Hello,
My second post on the forums here was asking how to make the Zigbee2MQTT Watchdog keep attempting to start the add-on if it kept failing (as it gave up incredibly quickly - something like a minute or two). Unfortunately, nobody had any suggestions.
The reason for this is that if Zigbee2MQTT cannot reach the Zigbee coordinator (in my case, a network-connected coordinator) for 10 minutes or so, it will stop the service. The watchdog will do its thing restarting it for a little while, but eventually (within another 10 or 15 minutes, if I recall), it will give up too (note that it will fail and the watchdog will give up within about a minute if you start the server while the coordinator is unreachable).
This is not ideal in a home lab where I mess around with things quite frequently, and after spending some time in my lab, I’ve had a handful of occasions where I will wander off to go to the bathroom or something, and find out none of my crap works (even though I’d reconnected the coordinator).
Anyway, why spend the few minutes occasionally trying to troubleshoot something that comes up infrequently, when I can spend an entire evening trying to figure out how to prevent it altogether? lol. Anyway, here is my over-engineered, automation-based add-on watchdog:
First, we need to enable the Zigbee2MQTT “Running” entity so that we have a condition to check in the automation. I’ve not found any other means by which to get its status
- Go to Settings>Devices and Services>Devices. Search “Zigbee2MQTT.” Select it.
- Under “Sensors,” expand the entity list by clicking “+4 entities not shown.”
- Select “Running.”
- Select the “Settings” tab, expand “Advanced settings,” and change the Entity Status to “hidden.” Click “Update.”
- It will take about 30 seconds for HA to enable the entity. Refresh the page, and ensure it now automatically shows the entity in the “Sensors” list (without having to unhide it), and shows it as “Running (Hidden).”

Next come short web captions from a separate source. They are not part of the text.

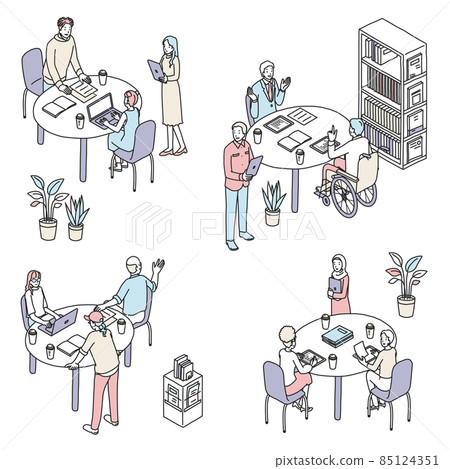 Diversity Image of working people Diversity Image of working people 85124351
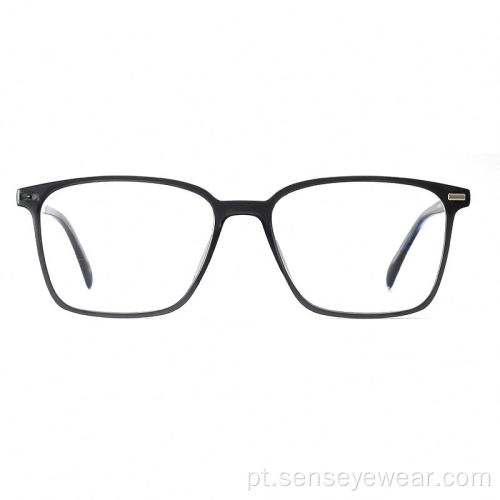Quadrado de alta qualidade Eco Acetato Óculos Ópticos Quadro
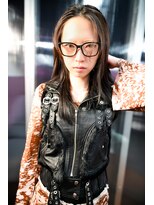 キジ(KIJI)&nbsp;フェイスレイヤー/レイヤー/ステップカット/黒髪ロング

Then, add the following automation. Note that the reason for the forcing of the entity status update is because, for some reason, HA only updates the Zigbee2MQTT “running” entity every 5 minutes. So, this automation will not start trying until up to 5 minutes after it stops. You can optionally create a separate automation that will force an update of the entity on a schedule, but I figured up to 5 minutes was fine for my use. If you happen to know where I can view/edit the YAML of automatically-created entities, please let me know - I’d modify the “scan_interval” on it if that were an option.
This automation will check every minute to see if the addon is running. If it is, then it doesn’t run. If it isn’t, it will attempt to start the service, wait, force-update the entity, and loop back again. It will keep looping, checking the service’s status and then attempting to start it again as necessary, until the service has been running for 5 minutes before exiting the loop.
alias: Zigbee2MQTT Watchguard
description: ""
trigger:
- platform: time_pattern
minutes: "*"
condition:
- condition: state
entity_id: binary_sensor.zigbee2mqtt_running
state: "off"
for:
hours: 0
minutes: 0
seconds: 0
action:
- repeat:
until:
- condition: state
entity_id: binary_sensor.zigbee2mqtt_running
state: "on"
for:
hours: 0
minutes: 5
seconds: 0
sequence:
- if:
- condition: state
entity_id: binary_sensor.zigbee2mqtt_running
state: "off"
then:
- service: hassio.addon_start
data:
addon: 45df7312_zigbee2mqtt
- delay:
hours: 0
minutes: 1
seconds: 0
milliseconds: 0
- service: homeassistant.update_entity
data: {}
target:
entity_id: binary_sensor.zigbee2mqtt_running
else:
- delay:
hours: 0
minutes: 0
seconds: 30
milliseconds: 0
- service: homeassistant.update_entity
data: {}
target:
entity_id: binary_sensor.zigbee2mqtt_running
mode: single